*THE DATA*.
****************

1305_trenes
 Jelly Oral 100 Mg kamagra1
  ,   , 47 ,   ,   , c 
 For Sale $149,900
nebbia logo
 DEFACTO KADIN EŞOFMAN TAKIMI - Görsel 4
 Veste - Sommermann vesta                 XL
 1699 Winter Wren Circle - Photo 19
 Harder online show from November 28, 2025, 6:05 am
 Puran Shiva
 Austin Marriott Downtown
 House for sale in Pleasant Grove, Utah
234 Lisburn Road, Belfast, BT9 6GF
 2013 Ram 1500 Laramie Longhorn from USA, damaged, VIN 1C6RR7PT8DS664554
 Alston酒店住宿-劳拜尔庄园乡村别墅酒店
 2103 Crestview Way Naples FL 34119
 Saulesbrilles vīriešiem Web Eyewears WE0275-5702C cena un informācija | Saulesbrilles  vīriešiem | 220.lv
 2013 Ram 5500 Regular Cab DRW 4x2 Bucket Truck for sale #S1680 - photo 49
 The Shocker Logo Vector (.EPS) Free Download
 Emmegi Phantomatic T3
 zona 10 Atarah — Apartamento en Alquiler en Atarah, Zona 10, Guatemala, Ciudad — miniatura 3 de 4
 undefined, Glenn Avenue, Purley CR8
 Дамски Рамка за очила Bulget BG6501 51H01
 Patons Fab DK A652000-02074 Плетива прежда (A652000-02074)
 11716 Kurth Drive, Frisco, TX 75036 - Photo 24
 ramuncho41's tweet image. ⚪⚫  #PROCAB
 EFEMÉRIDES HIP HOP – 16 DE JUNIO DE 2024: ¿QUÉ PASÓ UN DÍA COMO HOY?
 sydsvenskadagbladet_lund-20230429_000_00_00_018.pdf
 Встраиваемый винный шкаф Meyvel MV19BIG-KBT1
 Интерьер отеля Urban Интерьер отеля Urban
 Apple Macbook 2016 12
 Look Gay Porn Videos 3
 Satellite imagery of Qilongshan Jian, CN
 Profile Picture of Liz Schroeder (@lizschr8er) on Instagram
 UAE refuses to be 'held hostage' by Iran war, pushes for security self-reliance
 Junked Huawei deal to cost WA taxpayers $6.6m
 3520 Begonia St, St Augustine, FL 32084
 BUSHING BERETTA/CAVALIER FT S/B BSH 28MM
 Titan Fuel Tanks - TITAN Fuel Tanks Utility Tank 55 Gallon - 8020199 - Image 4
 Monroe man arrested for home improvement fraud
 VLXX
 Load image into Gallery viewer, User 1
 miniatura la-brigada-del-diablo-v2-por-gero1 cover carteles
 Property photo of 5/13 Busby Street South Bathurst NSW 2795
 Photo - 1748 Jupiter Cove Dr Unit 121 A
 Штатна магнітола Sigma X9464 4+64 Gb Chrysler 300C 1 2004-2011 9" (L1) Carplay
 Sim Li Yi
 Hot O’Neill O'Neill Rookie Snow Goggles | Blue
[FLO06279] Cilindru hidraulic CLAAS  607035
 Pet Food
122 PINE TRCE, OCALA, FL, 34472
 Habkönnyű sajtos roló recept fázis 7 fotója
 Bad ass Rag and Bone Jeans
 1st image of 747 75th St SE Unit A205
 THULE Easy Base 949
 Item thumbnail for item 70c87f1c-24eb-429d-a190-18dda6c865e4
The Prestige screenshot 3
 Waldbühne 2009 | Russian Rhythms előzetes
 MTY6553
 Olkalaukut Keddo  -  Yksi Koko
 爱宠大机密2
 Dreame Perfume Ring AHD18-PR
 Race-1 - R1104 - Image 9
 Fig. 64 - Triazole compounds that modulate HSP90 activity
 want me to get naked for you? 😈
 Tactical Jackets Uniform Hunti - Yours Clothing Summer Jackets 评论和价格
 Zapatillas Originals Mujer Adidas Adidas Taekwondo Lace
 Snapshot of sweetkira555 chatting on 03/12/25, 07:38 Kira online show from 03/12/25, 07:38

****************

*EXERCISE PROMPT*.
Extract each line of the listing above, copying it word for word.

*ANSWER TO THE EXERCISE*.
1305_trenes
 Jelly Oral 100 Mg kamagra1
  ,   , 47 ,   ,   , c 
 For Sale $149,900
nebbia logo
 DEFACTO KADIN EŞOFMAN TAKIMI - Görsel 4
 Veste - Sommermann vesta                 XL
 1699 Winter Wren Circle - Photo 19
 Harder online show from November 28, 2025, 6:05 am
 Puran Shiva
 Austin Marriott Downtown
 House for sale in Pleasant Grove, Utah
234 Lisburn Road, Belfast, BT9 6GF
 2013 Ram 1500 Laramie Longhorn from USA, damaged, VIN 1C6RR7PT8DS664554
 Alston酒店住宿-劳拜尔庄园乡村别墅酒店
 2103 Crestview Way Naples FL 34119
 Saulesbrilles vīriešiem Web Eyewears WE0275-5702C cena un informācija | Saulesbrilles  vīriešiem | 220.lv
 2013 Ram 5500 Regular Cab DRW 4x2 Bucket Truck for sale #S1680 - photo 49
 The Shocker Logo Vector (.EPS) Free Download
 Emmegi Phantomatic T3
 zona 10 Atarah — Apartamento en Alquiler en Atarah, Zona 10, Guatemala, Ciudad — miniatura 3 de 4
 undefined, Glenn Avenue, Purley CR8
 Дамски Рамка за очила Bulget BG6501 51H01
 Patons Fab DK A652000-02074 Плетива прежда (A652000-02074)
 11716 Kurth Drive, Frisco, TX 75036 - Photo 24
 ramuncho41's tweet image. ⚪⚫  #PROCAB
 EFEMÉRIDES HIP HOP – 16 DE JUNIO DE 2024: ¿QUÉ PASÓ UN DÍA COMO HOY?
 sydsvenskadagbladet_lund-20230429_000_00_00_018.pdf
 Встраиваемый винный шкаф Meyvel MV19BIG-KBT1
 Интерьер отеля Urban Интерьер отеля Urban
 Apple Macbook 2016 12
 Look Gay Porn Videos 3
 Satellite imagery of Qilongshan Jian, CN
 Profile Picture of Liz Schroeder (@lizschr8er) on Instagram
 UAE refuses to be 'held hostage' by Iran war, pushes for security self-reliance
 Junked Huawei deal to cost WA taxpayers $6.6m
 3520 Begonia St, St Augustine, FL 32084
 BUSHING BERETTA/CAVALIER FT S/B BSH 28MM
 Titan Fuel Tanks - TITAN Fuel Tanks Utility Tank 55 Gallon - 8020199 - Image 4
 Monroe man arrested for home improvement fraud
 VLXX
 Load image into Gallery viewer, User 1
 miniatura la-brigada-del-diablo-v2-por-gero1 cover carteles
 Property photo of 5/13 Busby Street South Bathurst NSW 2795
 Photo - 1748 Jupiter Cove Dr Unit 121 A
 Штатна магнітола Sigma X9464 4+64 Gb Chrysler 300C 1 2004-2011 9" (L1) Carplay
 Sim Li Yi
 Hot O’Neill O'Neill Rookie Snow Goggles | Blue
[FLO06279] Cilindru hidraulic CLAAS  607035
 Pet Food
122 PINE TRCE, OCALA, FL, 34472
 Habkönnyű sajtos roló recept fázis 7 fotója
 Bad ass Rag and Bone Jeans
 1st image of 747 75th St SE Unit A205
 THULE Easy Base 949
 Item thumbnail for item 70c87f1c-24eb-429d-a190-18dda6c865e4
The Prestige screenshot 3
 Waldbühne 2009 | Russian Rhythms előzetes
 MTY6553
 Olkalaukut Keddo  -  Yksi Koko
 爱宠大机密2
 Dreame Perfume Ring AHD18-PR
 Race-1 - R1104 - Image 9
 Fig. 64 - Triazole compounds that modulate HSP90 activity
 want me to get naked for you? 😈
 Tactical Jackets Uniform Hunti - Yours Clothing Summer Jackets 评论和价格
 Zapatillas Originals Mujer Adidas Adidas Taekwondo Lace
 Snapshot of sweetkira555 chatting on 03/12/25, 07:38 Kira online show from 03/12/25, 07:38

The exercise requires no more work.